Spring naar de content

Don Arturo’s hommage aan zijn oude liefde Beiroet

Arthur van Amerongen haalt herinneringen op aan zijn jaren in Beiroet: “Nouna slaakte een gilletje en riep verrukt: ‘Olala, jij moet de kleine Arthur zijn.’ Nog voor ik iets had kunnen zeggen, drukte ze mij fijn tegen haar boezem. ‘Kom verder, kom verder’, zei Nouna.”

Gepubliceerd op:
Geschreven door: Arthur van Amerongen

Begin jaren negentig werd ik tot mijn stomme verbazing correspondent in Beiroet voor Het Parool. Net afgestudeerd, totaal onervaren in de journalistiek en met een hongerloon vertrok ik desondanks opgewekt en vol Sturm und Drang naar Libanon. Ik leed aan het Kuifje-syndroom, wilde groots en meeslepend leven. Wat volgde, was één grote, tragische klucht vol mislukkingen waar ik nu smakelijk om kan lachen. 

Toen niet, want na een jaar keerde ik op hangende pootjes terug naar Nederland, zo mogelijk nog alcoholischer dan toen ik vertrok. Mede op aandringen van mijn toenmalige vriendin meldde ik mij schoorvoetend aan bij de detox van de Jellinek, bij ons om de hoek in Amsterdam-Zuid. 

Een jaar of zeven na de Jellinek werd ik (niet geheel verweesd van Moeder Alcohol) correspondent in Israël. Ik bestreek het het hele Midden-Oosten, inclusief Irak, Iran en Afghanistan, en kwam regelmatig in Libanon voor reportages (vliegen van Tel Aviv naar Beiroet via Cyprus).
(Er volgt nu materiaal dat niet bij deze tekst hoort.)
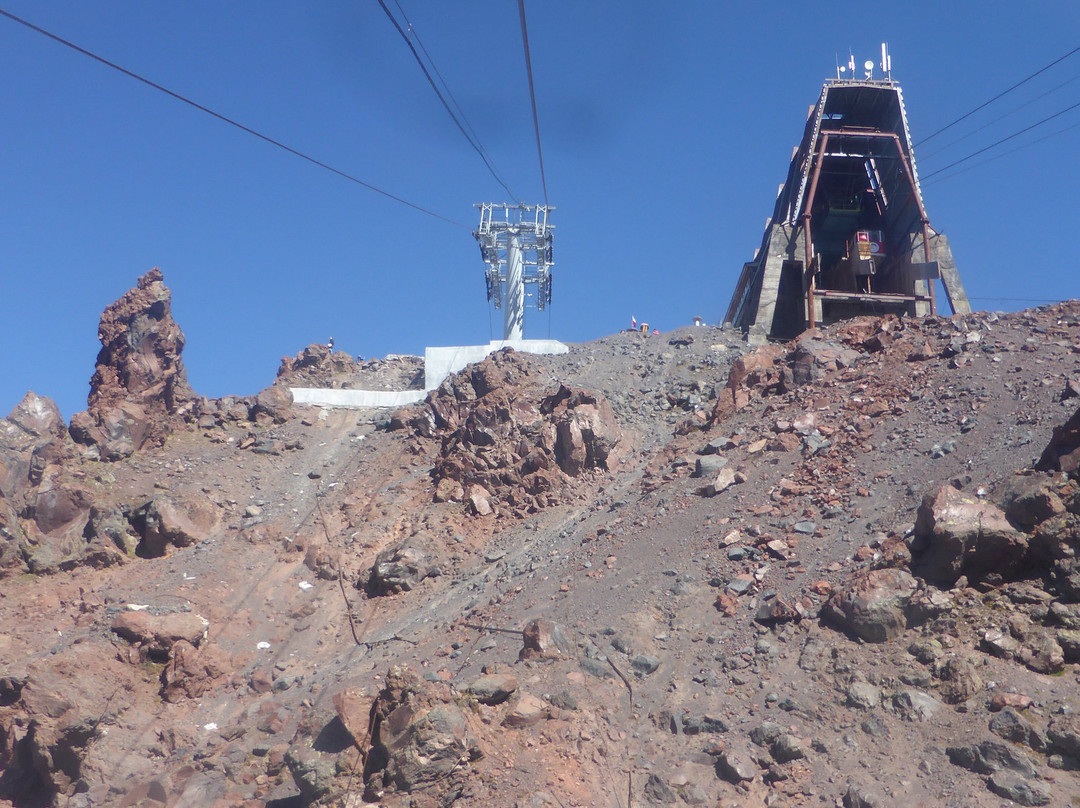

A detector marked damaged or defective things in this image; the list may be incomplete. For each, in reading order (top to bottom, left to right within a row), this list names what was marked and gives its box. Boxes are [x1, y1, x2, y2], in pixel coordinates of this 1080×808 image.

rusty metal structure [725, 58, 972, 337] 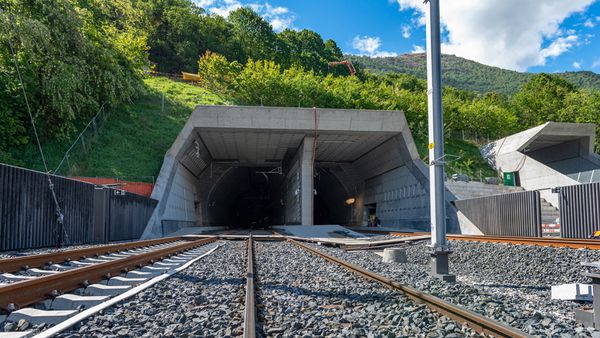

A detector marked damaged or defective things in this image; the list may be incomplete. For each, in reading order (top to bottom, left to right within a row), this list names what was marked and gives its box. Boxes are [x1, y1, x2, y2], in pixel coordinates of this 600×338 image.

rusty rail [0, 236, 183, 274]
rusty rail [0, 236, 216, 310]
rusty rail [290, 239, 528, 336] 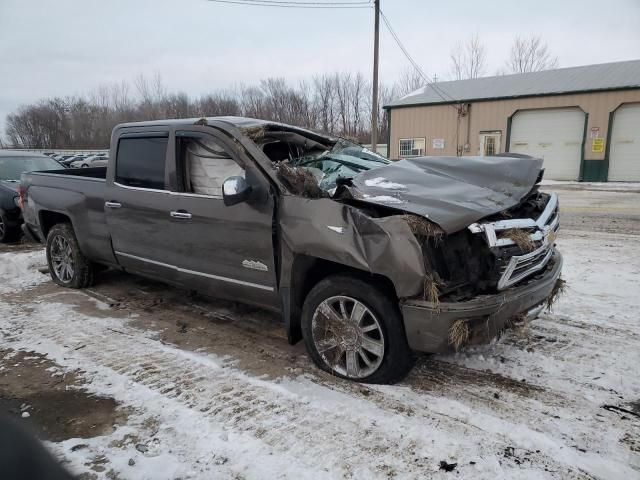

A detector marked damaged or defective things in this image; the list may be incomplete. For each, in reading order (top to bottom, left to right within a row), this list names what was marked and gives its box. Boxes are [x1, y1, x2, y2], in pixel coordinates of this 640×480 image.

shattered windshield [290, 139, 390, 191]
crumpled hood [348, 156, 544, 234]
damaged pickup truck [18, 116, 560, 382] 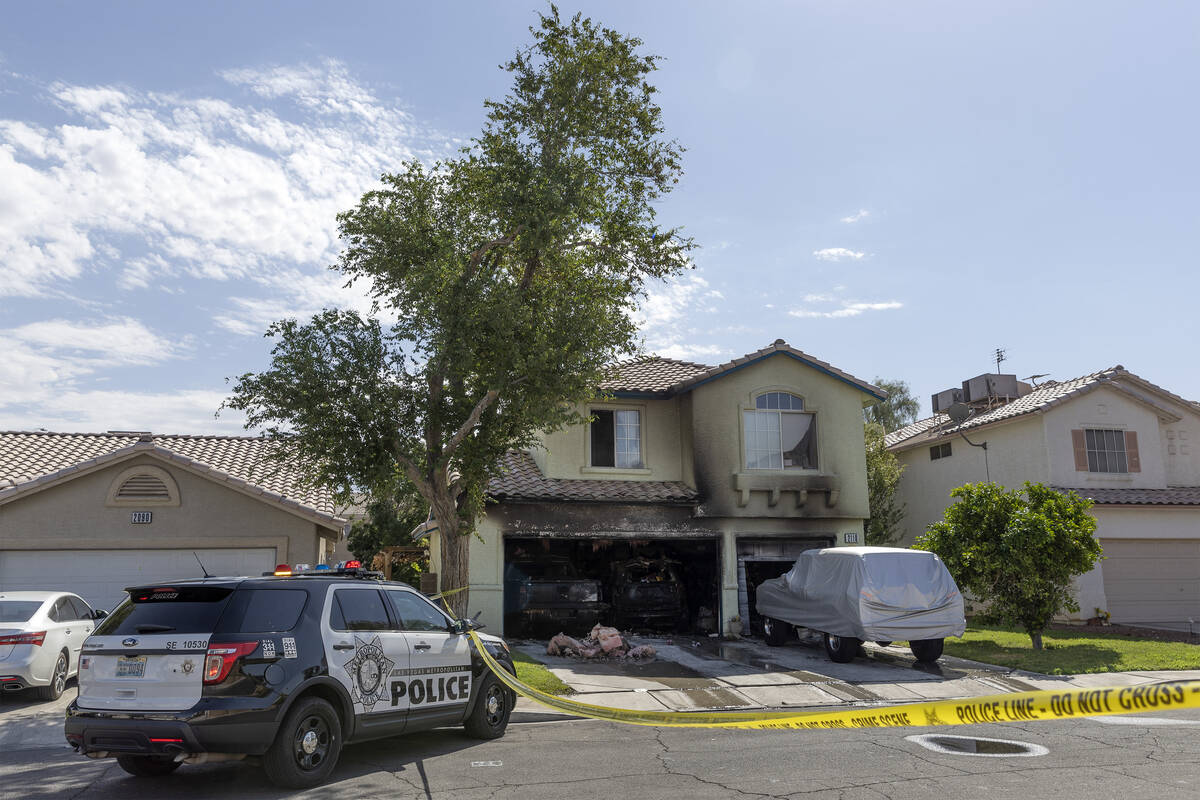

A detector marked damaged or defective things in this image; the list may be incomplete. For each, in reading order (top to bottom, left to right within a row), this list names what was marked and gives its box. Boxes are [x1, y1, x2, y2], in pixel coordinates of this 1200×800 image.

burned car in garage [504, 556, 609, 638]
burned car in garage [609, 556, 686, 633]
burned car in garage [758, 546, 964, 666]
Ik had goede contacten met de Hezbollah opgebouwd, waardoor ik in het kielzog van de shi’itische militie mee mocht reizen naar Zuid-Libanon, dat heroverd was op het Israëlisch leger. Ik was bang maar niet zo bang als mijn eerste kennismaking met Beiroet. 

Abboneer op een lidmaadschap

Flinke korting op een digitaal jaarabonnement

Sluit nu voordelig een abonnement af en maak kennis met de journalistieke kracht van HP/De Tijd. (Op elk moment opzegbaar.)

Kies een abonnement

De kinderziektes van het correspondentschap waren verdwenen, al ging er natuurlijk weer heel veel mis. Mijn adagium had ik van een oude Nederlandse diplomaat geleend: je mag zuipen zoveel als je wilt, als je maar op je benen blijft staan. En zelfs dat lukte me vaak niet, zoals u hieronder kunt lezen. 
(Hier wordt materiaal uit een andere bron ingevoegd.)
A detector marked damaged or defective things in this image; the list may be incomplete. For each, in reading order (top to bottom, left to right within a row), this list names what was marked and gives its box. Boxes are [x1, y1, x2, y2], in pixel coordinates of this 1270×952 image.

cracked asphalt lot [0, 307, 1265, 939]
Mijn adagium had ik van een oude Nederlandse diplomaat geleend: je mag zuipen zoveel als je wilt, als je maar op je benen blijft staan.

De gruwelijke beelden van de Libanese burgeroorlog, de autobommen en de ontvoeringen stonden op mijn netvlies gebrand, toen ik landde op de luchthaven. Er werd nog gevochten tussen de christelijke milities van Michel Aoun (de huidige president) en Samir Geagea. De enorme gaten in de landingsbaan, als gevolg van granaatinslagen, waren slordig gedicht met beton. Een legerjeep begeleidde het toestel naar de terminal. In het mistroostige, vervallen luchthavengebouw wemelde het van de grimmige soldaten. Aan de muren hingen immense posters van Hafez al-Assad, de president van Syrië. 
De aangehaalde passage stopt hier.